Dataset excerpts

>>>

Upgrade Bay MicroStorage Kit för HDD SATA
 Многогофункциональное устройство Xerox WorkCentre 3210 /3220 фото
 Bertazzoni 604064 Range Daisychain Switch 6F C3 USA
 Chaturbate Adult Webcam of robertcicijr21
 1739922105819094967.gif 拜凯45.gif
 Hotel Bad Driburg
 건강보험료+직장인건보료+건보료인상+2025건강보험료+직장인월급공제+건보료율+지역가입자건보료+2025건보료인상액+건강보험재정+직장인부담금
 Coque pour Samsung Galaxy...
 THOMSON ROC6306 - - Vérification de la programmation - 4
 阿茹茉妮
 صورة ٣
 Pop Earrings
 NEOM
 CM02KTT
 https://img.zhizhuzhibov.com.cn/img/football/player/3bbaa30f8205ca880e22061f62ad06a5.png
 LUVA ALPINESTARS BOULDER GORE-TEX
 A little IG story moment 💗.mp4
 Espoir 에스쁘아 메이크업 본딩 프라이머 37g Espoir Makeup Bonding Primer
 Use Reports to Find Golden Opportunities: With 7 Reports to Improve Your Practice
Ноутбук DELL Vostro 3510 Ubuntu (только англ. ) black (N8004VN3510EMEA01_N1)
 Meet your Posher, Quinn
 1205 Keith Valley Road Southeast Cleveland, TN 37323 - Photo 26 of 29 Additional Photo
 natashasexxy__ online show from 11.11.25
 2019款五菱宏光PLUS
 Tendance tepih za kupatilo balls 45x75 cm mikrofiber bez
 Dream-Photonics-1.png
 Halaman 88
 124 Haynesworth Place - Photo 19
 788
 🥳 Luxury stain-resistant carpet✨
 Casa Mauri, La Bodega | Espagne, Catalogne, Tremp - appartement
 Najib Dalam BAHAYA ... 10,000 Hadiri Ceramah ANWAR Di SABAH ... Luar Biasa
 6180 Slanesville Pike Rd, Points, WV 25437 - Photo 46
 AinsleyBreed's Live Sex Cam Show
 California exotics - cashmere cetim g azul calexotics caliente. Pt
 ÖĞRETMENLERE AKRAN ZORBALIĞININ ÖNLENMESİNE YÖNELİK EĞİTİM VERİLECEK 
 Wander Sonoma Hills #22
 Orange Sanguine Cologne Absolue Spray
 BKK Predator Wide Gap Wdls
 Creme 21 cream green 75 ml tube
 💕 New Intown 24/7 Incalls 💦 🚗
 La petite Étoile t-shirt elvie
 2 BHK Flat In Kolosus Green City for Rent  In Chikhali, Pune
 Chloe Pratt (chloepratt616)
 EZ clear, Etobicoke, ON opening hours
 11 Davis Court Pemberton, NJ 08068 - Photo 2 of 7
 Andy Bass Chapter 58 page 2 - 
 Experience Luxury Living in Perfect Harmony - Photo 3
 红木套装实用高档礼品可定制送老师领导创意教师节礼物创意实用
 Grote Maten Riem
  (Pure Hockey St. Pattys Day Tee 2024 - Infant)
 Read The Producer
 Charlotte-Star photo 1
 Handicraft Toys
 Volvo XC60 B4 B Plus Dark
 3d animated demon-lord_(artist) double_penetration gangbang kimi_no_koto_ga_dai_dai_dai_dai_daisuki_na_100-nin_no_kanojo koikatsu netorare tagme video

<<<

### What the exercise asks
Which lines above include "Luxury"? Show each of them by copying it.

### Output of the exercise
 🥳 Luxury stain-resistant carpet✨
 Experience Luxury Living in Perfect Harmony - Photo 3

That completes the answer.